Chapter 3

The First Rush




ON JUNE 29, 1851, James William Esmond had returned from the Californian Goldfields, with some skill as a gold prospector.

On his way to Geelong from Clunes (or Cameron's Sheep Run) with samples of gold, while passing through Buninyong, it is possible he could have yarned to Thomas Hiscock about the quartz and surface gravel on the hills near Butters Hill in California compared with the local hills.

Maybe he let the blacksmith see the sample of gold he was carrying.

Maybe this is just speculation, but why should Thomas Hiscock pick a quartz covered slope of the White Horse Range to look for gold so soon after Esmond had passed through the area, unless his eyes had been opened to the possibility of gold by a prospector on his way to Geelong.

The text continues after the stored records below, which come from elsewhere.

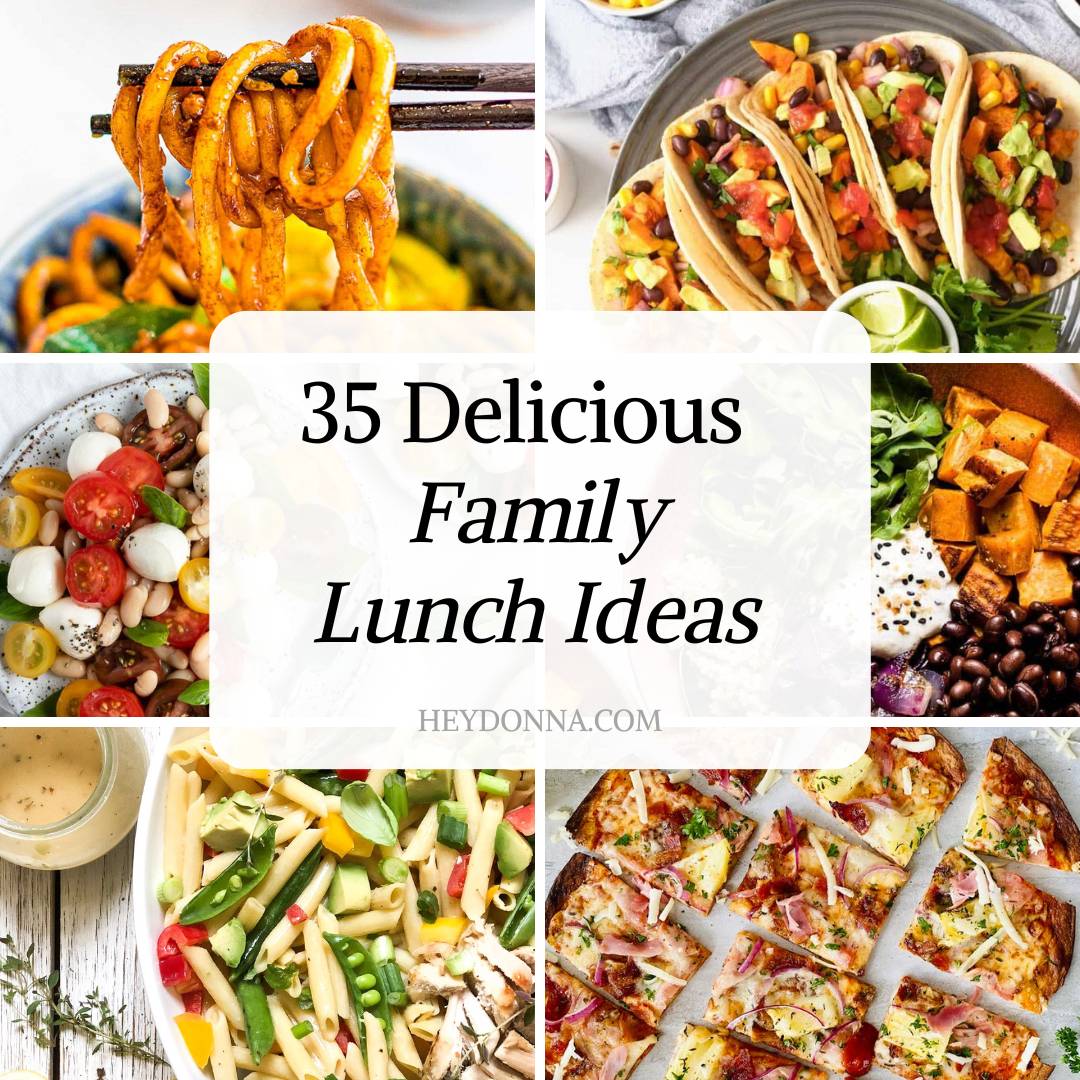 Family deals lunch ideas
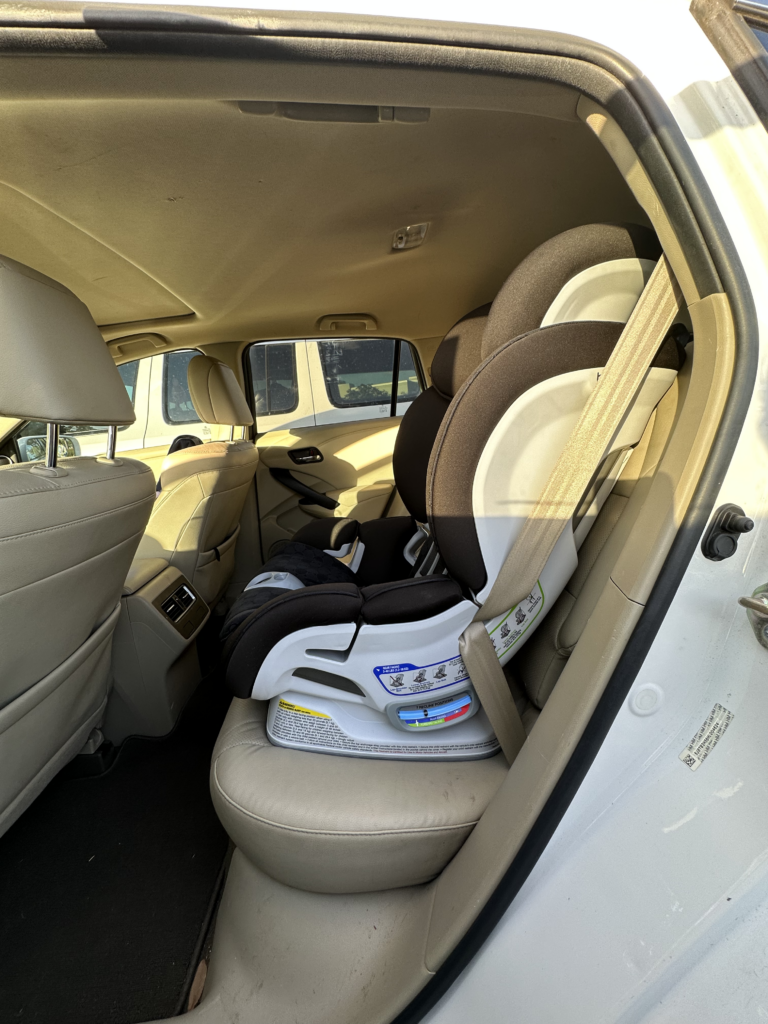 Britax Boulevard ClickTight Car Seat Forward-Facing Installation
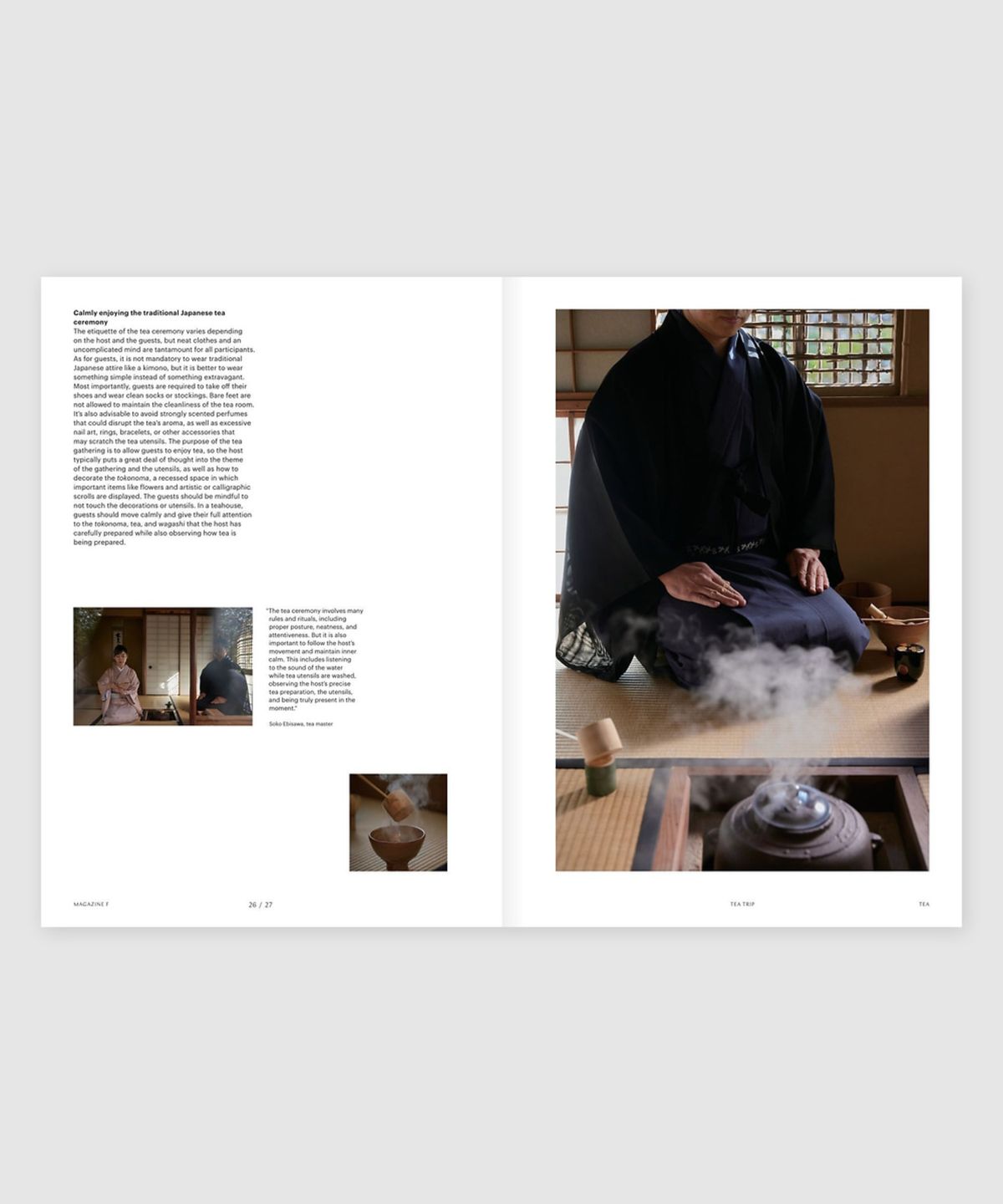 매거진 B(MAGAZINE B) F Issue#25 TEA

Thomas Hiscock found gold on August 8, 1851 near the present Buninyong cemetery.

The news of this event, so soon after Esmond's sample of gold had reached Geelong, startled the seaport again.

Another minor rush followed on the heels of the men who had already set off for Clunes. But it was the next news reaching Geelong that triggered the major rushes of the next ten years.

The first groups of men on their way to Clunes were side-tracked at Hiscock diggings, where they searched for the precious metal, with poor results. The wet weather then prevailing and Mother Jamieson's Hotel being close by, they were snug enough. Small parties prospected along the White Horse Range, between August 21 and 24, 1851.

Then John Dunlop and his mate James Regan, who were prospecting on a ridge between One Eye Gully on the east and Yarrowee River to the west, discovered gold.

The ridge became known as Poverty Point.

The outcome of this find was that new diggers arrived, spreading themselves across the north-west slope of the ridge.

They could not miss the alluvial gold as they sank holes in the shallow ground. This is when Golden Point was born.

The best researched account of the discovery of gold and of early days on the Ballarat Gold Fields has been written by the late Harry J Stacpoole in his book "The Ballarat East Goldfields - It's discovery and development".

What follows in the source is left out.